No pictures belong in the copy. Retype exactly, and only, the stretch of lines below from the one with "A PREWAR GEM" through the one with "Side view of".
--- THE INPUT Enclosed Below ---
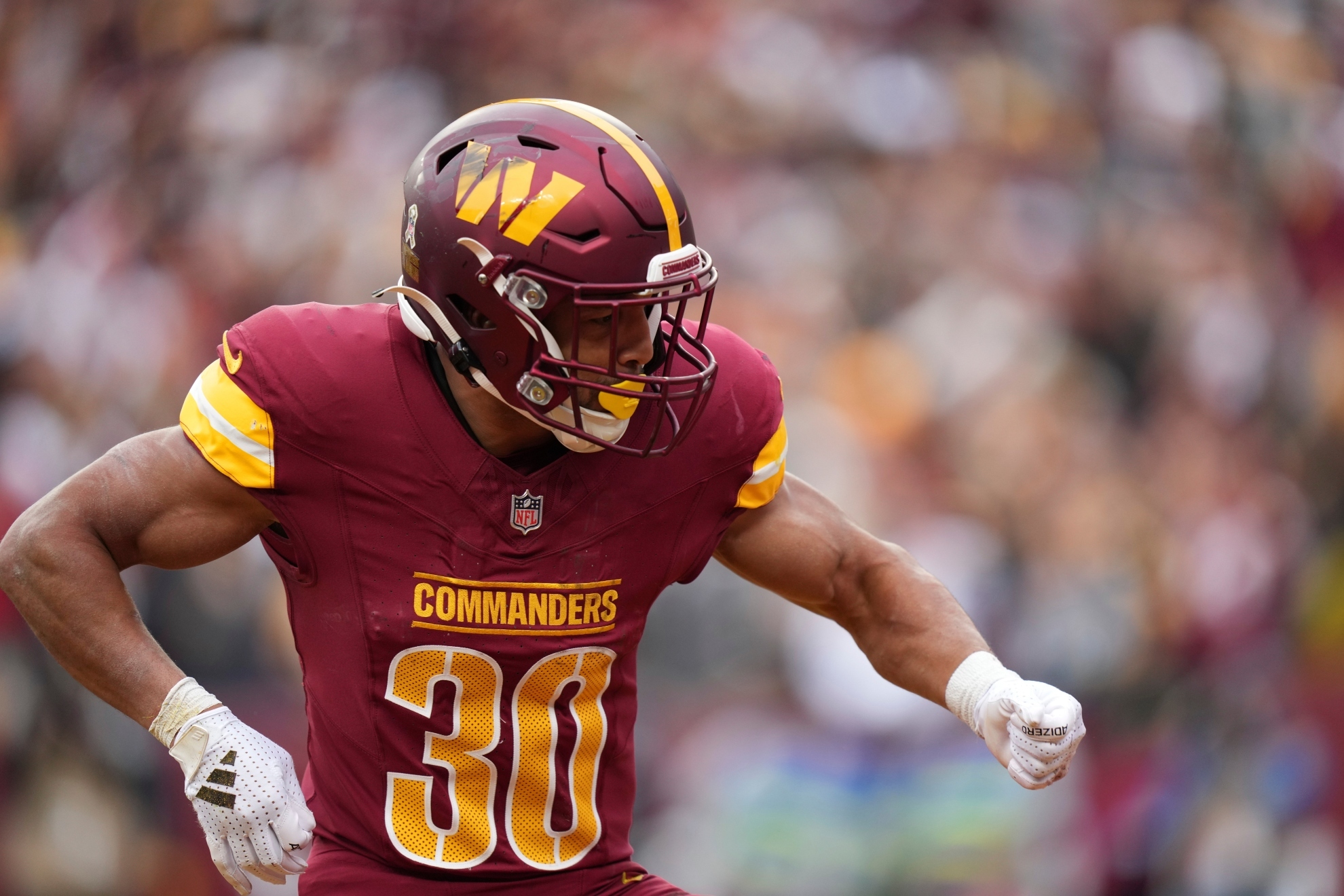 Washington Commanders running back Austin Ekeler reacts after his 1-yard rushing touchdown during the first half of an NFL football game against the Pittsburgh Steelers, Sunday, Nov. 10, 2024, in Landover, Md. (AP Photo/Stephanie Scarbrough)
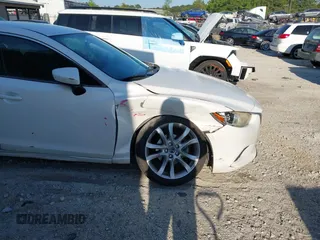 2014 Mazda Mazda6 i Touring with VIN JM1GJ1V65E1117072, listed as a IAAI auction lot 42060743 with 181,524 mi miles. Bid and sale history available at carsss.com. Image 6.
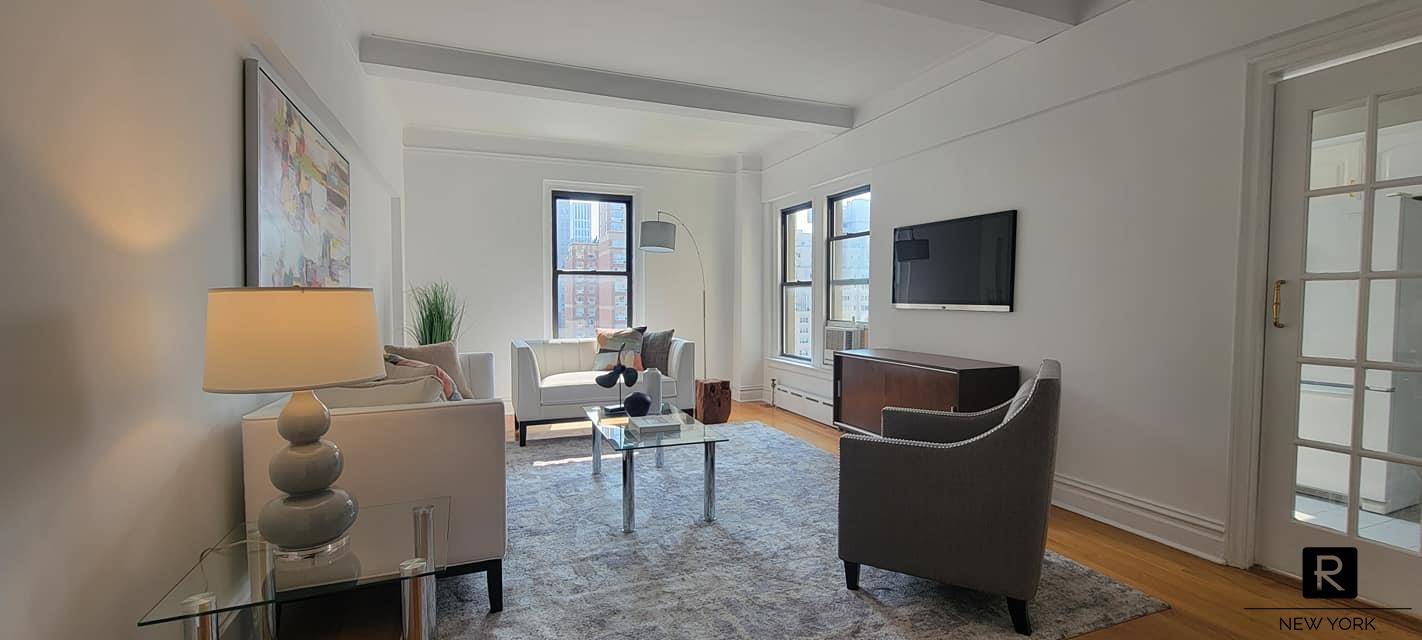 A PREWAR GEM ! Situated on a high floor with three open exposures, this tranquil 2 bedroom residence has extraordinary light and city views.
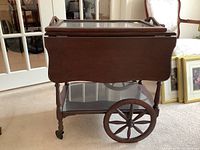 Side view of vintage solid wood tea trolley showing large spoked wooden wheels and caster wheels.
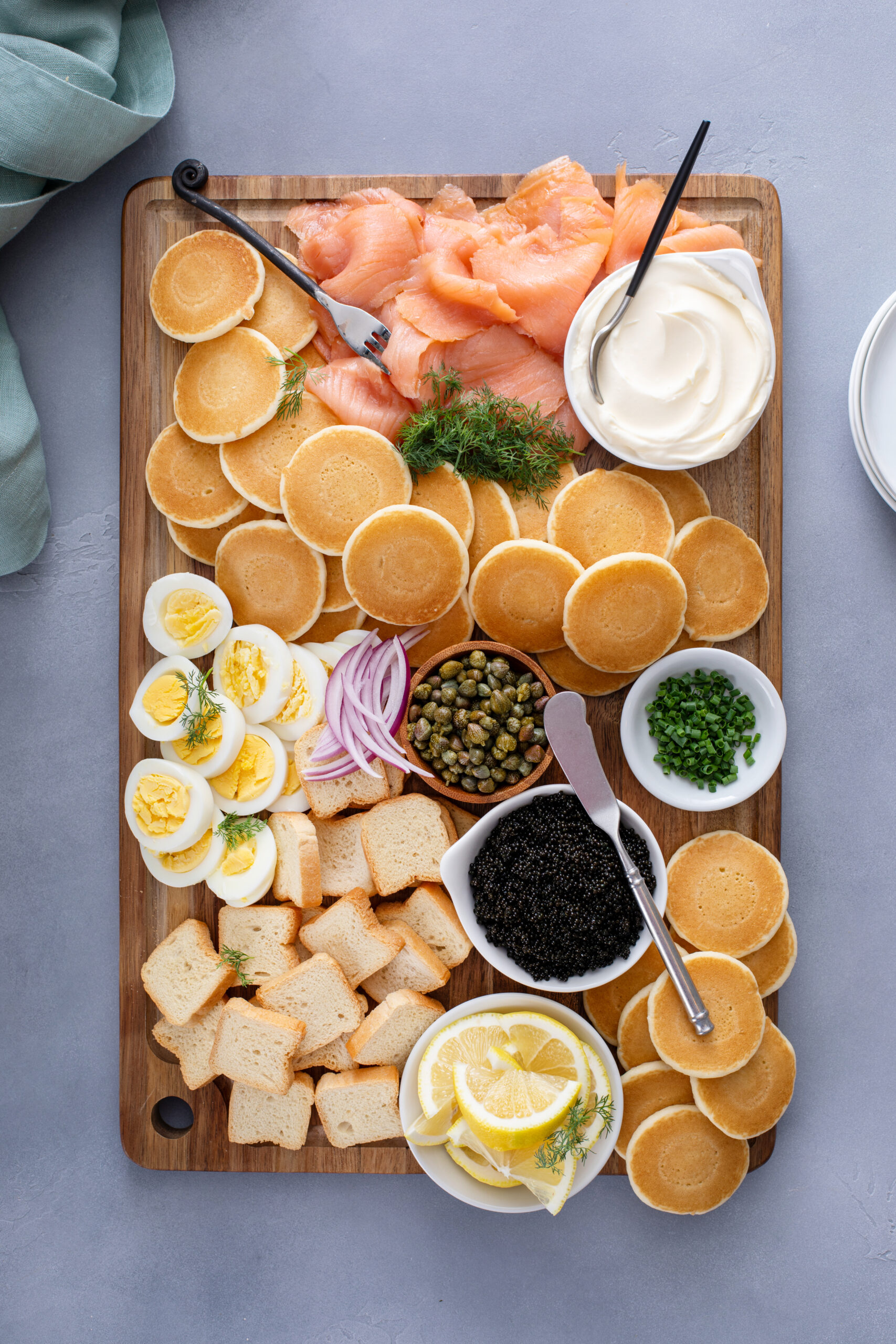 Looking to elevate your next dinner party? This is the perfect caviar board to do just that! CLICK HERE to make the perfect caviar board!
--- End of Enclosed THE INPUT ---
--- THE INPUT Enclosed Below ---
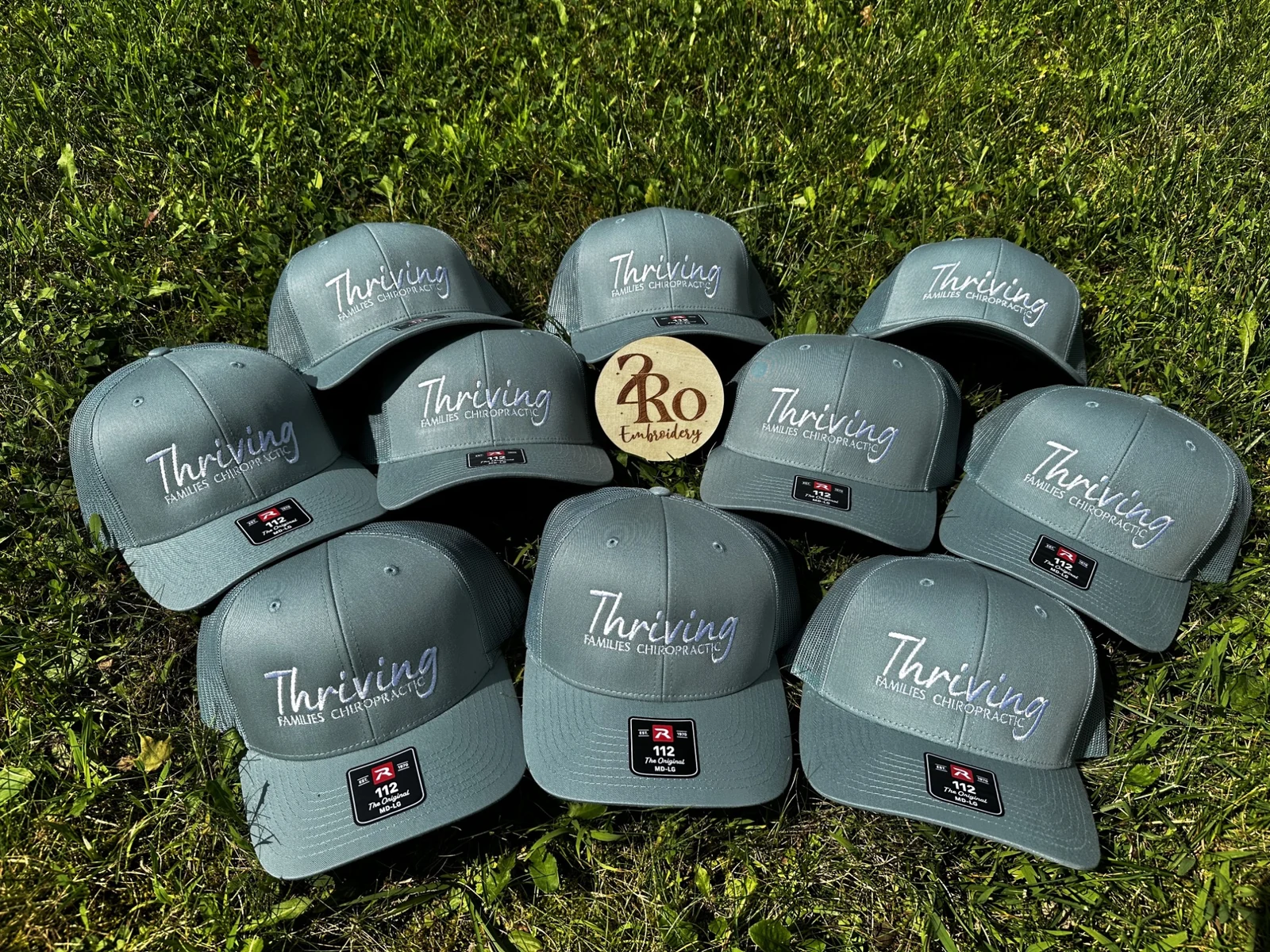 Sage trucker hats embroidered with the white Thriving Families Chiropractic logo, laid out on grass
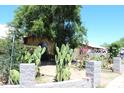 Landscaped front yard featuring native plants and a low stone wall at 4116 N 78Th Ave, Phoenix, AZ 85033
--- End of Enclosed THE INPUT ---
--- THE INPUT Enclosed Below ---
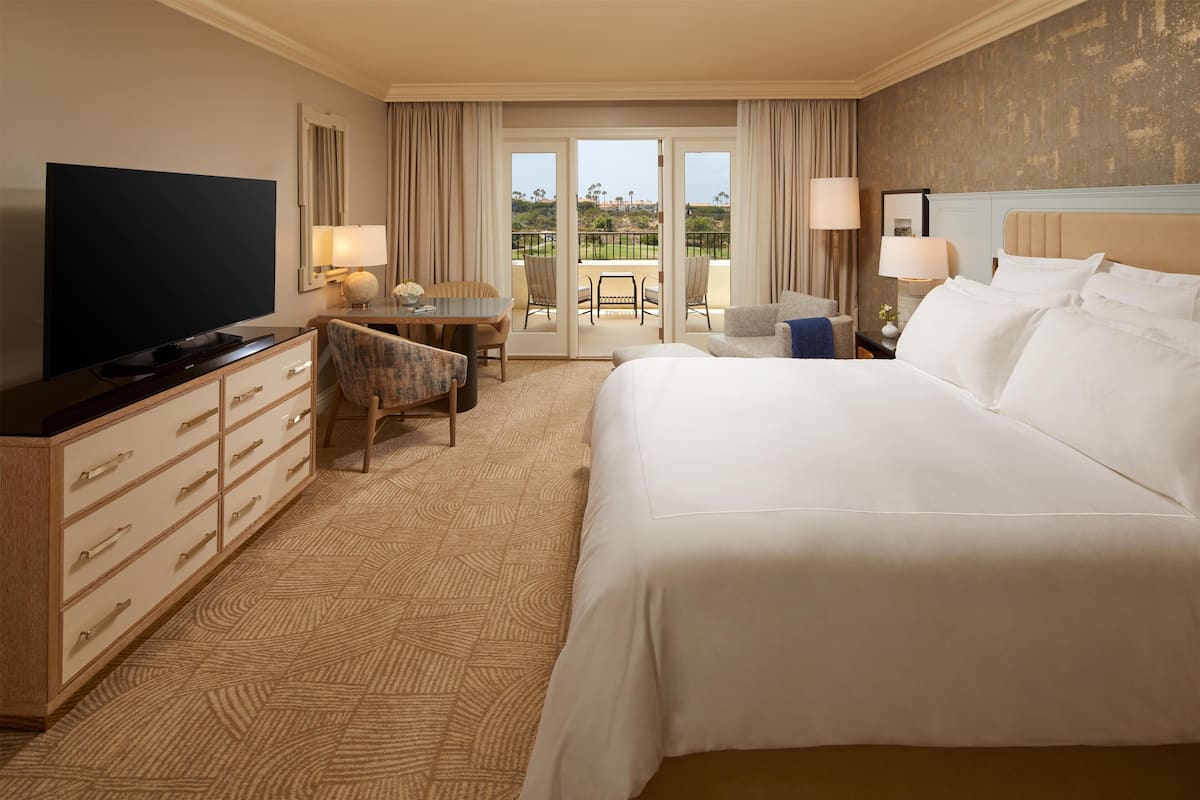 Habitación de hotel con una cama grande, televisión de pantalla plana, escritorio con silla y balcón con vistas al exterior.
--- End of Enclosed THE INPUT ---
• RESULT OF THIS TASK:
 A PREWAR GEM ! Situated on a high floor with three open exposures, this tranquil 2 bedroom residence has extraordinary light and city views.
 Side view of vintage solid wood tea trolley showing large spoked wooden wheels and caster wheels.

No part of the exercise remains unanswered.